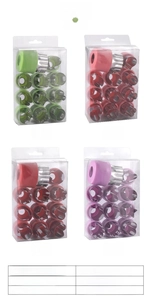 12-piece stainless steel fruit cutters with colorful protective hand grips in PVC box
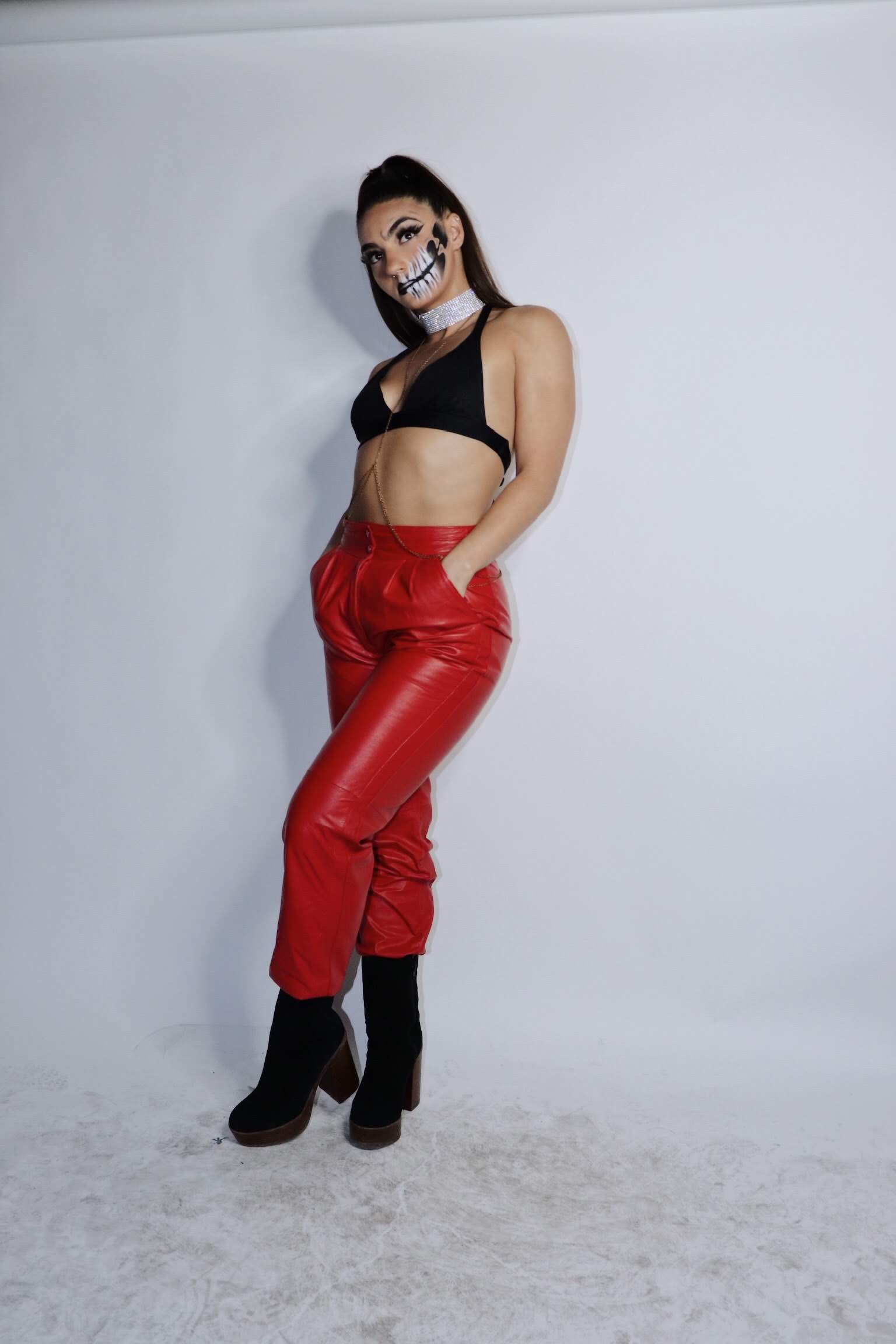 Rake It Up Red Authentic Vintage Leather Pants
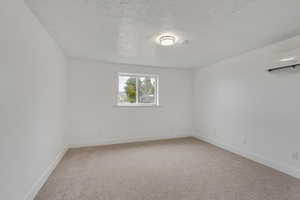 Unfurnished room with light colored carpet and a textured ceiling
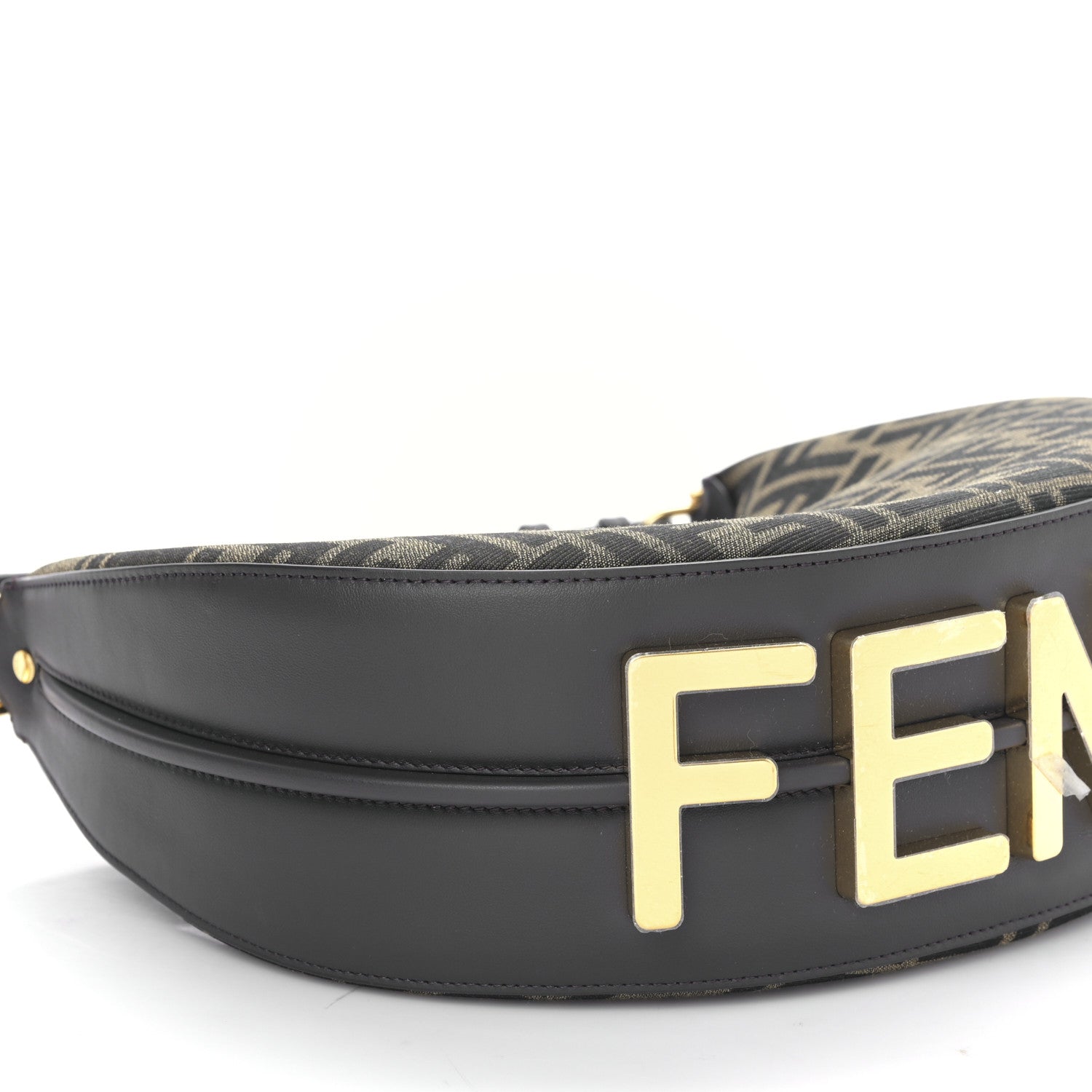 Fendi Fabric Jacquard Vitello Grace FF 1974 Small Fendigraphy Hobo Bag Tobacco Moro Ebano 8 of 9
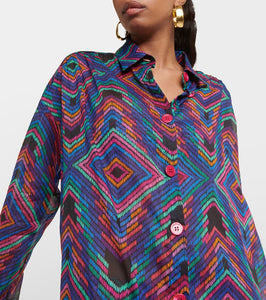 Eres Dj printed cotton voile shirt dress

++++++++++

→ **WHAT YOU HAVE TO DO**
Your task is to repeat the material above exactly, without its pictures.

→ **WRITTEN REPLY**
 12-piece stainless steel fruit cutters with colorful protective hand grips in PVC box
 Rake It Up Red Authentic Vintage Leather Pants
 Unfurnished room with light colored carpet and a textured ceiling
 Fendi Fabric Jacquard Vitello Grace FF 1974 Small Fendigraphy Hobo Bag Tobacco Moro Ebano 8 of 9
 Eres Dj printed cotton voile shirt dress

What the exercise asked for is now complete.